About efficiency

Efficiency

>Moore’s law has improved the performance and cost of processors to incredible levels and this process continues. Program execution times and hardware cost hardly bother us anymore.

For the new smart devices we are now more bothered by their batteries – their cost, size, weight, and the time they last before they need to be replaced or recharged. We now want processors that can do the work needed but consume less energy while doing it. Energy efficiency is now the most important thing also for the big server processors; there the problem is to get them to do as much work as possible without generating more heat than can be cooled away.

What can make a processor more efficient than others?

Using a more advanced CMOS generation or a low-power CMOS technology variant is not a good answer, since any processor can be realized in any technology, and since we are now approaching the limit for energy density. A quote from Wikipedia (look for “CMOS”) describes this:

  “Earlier, the power consumption of CMOS devices was not the major concern while designing chips. Factors like speed and area dominated the design parameters. As the CMOS technology moved below sub-micron levels the power consumption per unit area of the chip has risen tremendously”.

More interesting is therefore what architectural differences can do.

The word “architecture” is used for the definition of the processor as seen by a programmer, i.e. its repertoire of instruction types, with the functional specification of each one. This also defines the set of registers and other resources where data is temporarily stored within the machine, and the operations that can be performed. “Architecture” can also refer to a deeper description, including features not directly visible to the programmer, such as execution pipeline and cache memory.

Active energy efficiency

A processor core consists entirely of transistors, and each one of these is, ideally, either fully “on” (no voltage) or fully “off” (no current). Energy is consumed during the short transition times, when transistors are changing between these states, which they can do once per cycle of the clock. The consumption is therefore proportional to the clock frequency and to the average number of transistors that change state during a clock cycle.

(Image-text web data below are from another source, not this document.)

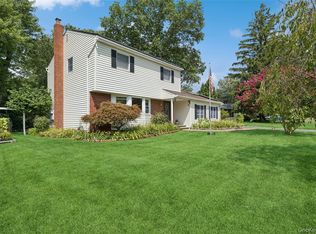 34 MOREWOOD DRIVE, Smithtown, NY 11787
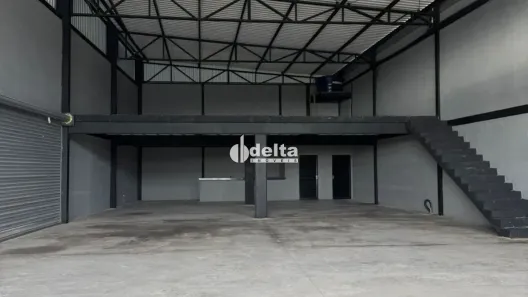 Ponto Comercial à venda, 440m² no Novo Mundo, Uberlândia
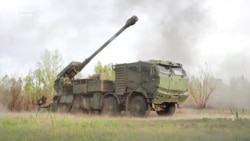 Ukrajna üdvözli a régóta halogatott amerikai katonai segélyt, míg Oroszország lesben áll, hogy lebombázza a szállítmányokat 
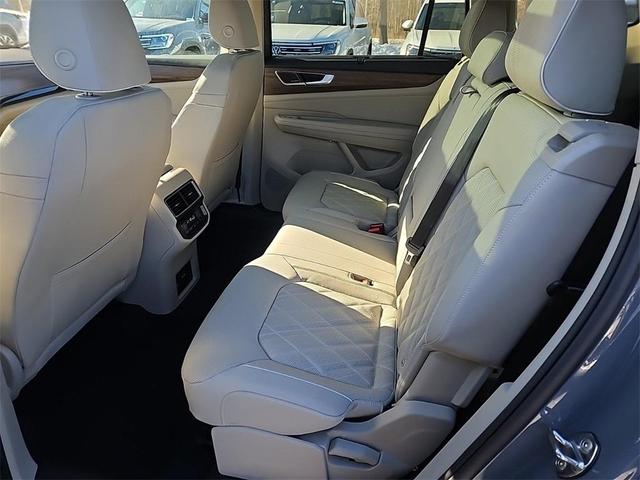 Photo of 2025 Pure Gray Volkswagen Atlas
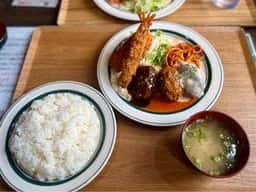 キッチン あずま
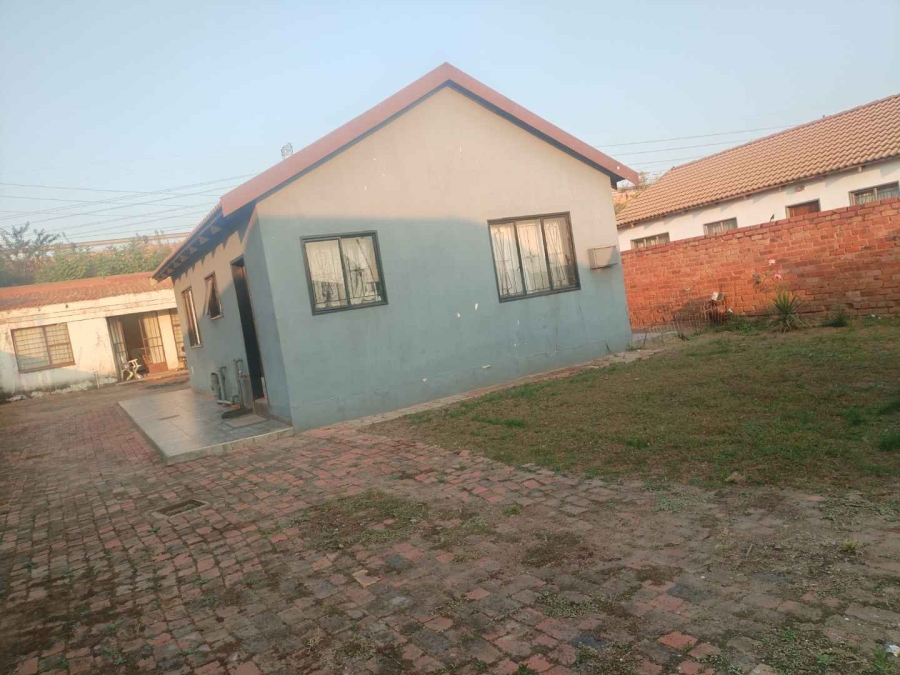 2 Bedroom Property for Sale in Mamelodi East Gauteng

The architecture of a RISC processor (such as ARM and MIPS) is based on a set of rules aimed at maximizing the frequency of possible simple operations. Such processors have instructions that each occupy a wide word in program memory, and that only produce one simple (single-cycle) operation. Differences in instruction set architecture don’t matter much for these processors; the net amount of work they perform per instruction bit is about the same, due to the limitations caused by the rules

A non-RISC processor, on the other hand, can have an architecture that achieves dramatically better efficiency, because it can have instructions that don’t require as many bits to read from memory and that each perform more, perhaps a sequence involving several operations and memory accesses for data. Neither instruction width or execution time need to be the same for its instruction types.

The Imsys processor has more than five times higher code density (for compiled C language code) than ARM “Thumb” has, according to independent benchmarks. Thus, to accomplish a certain task, the processor typically reads less than 1/5 as many bits from memory. Not only are instructions more efficiently coded (fewer wasted bits per instruction), the number of instructions is also lower, because the instruction set is richer, closer to what the compiler needs. The number of operations is reduced because the stack-oriented architecture eliminates the need for many register moves. The operations also typically involve fewer bits, due to a narrower datapath. The net result is reduced energy consumption in processor and memory for the execution of a given program.

Passive energy efficiency

Standby consumption is often important in battery-operated devices. This consumption is due to leakage current, which is independent of activity. Instead it is proportional to the silicon area of the processor core.

The Imsys core is considerably smaller than an ARM9 core, a RISC processor that has performance, e.g. for Java, at about the same level. The ratio is roughly 1/5 (depends on ARM9xx variant).

Thus, the Imsys processor has an architectural advantage also for passive energy efficiency.

Heavily used special functions

Special functions are often responsible for a big part of a processor’s time. If they can be optimized by reduction of such overhead activity that is due to inefficiency of the architecture, then the processor can work faster – and consume less energy for a given task.

Traditionally optimization has aimed only at increasing speed. Typically such optimization (cache memories, increased pipeline depth, speculative execution,…) have increased energy consumption. Addition of hardware blocks for special functions can reduce active consumption but instead increase passive consumption.

The Imsys processor can be optimized for any kind of special functions, by a more flexible control of its ordinary datapath resources, without the use of inefficient redundant resources or activities. This is because its internal operation is controlled by a microprogram, inside the processor core. Most of it is in very dense and energy efficient read-only memory.

Such energy efficient, and cost efficient, optimization is used for Java bytecode interpretation, but also for floating-point and big number arithmetic, graphics, data compression/decompression, audio and video processing, and high-speed I/O interfaces such as Ethernet Media Access Control.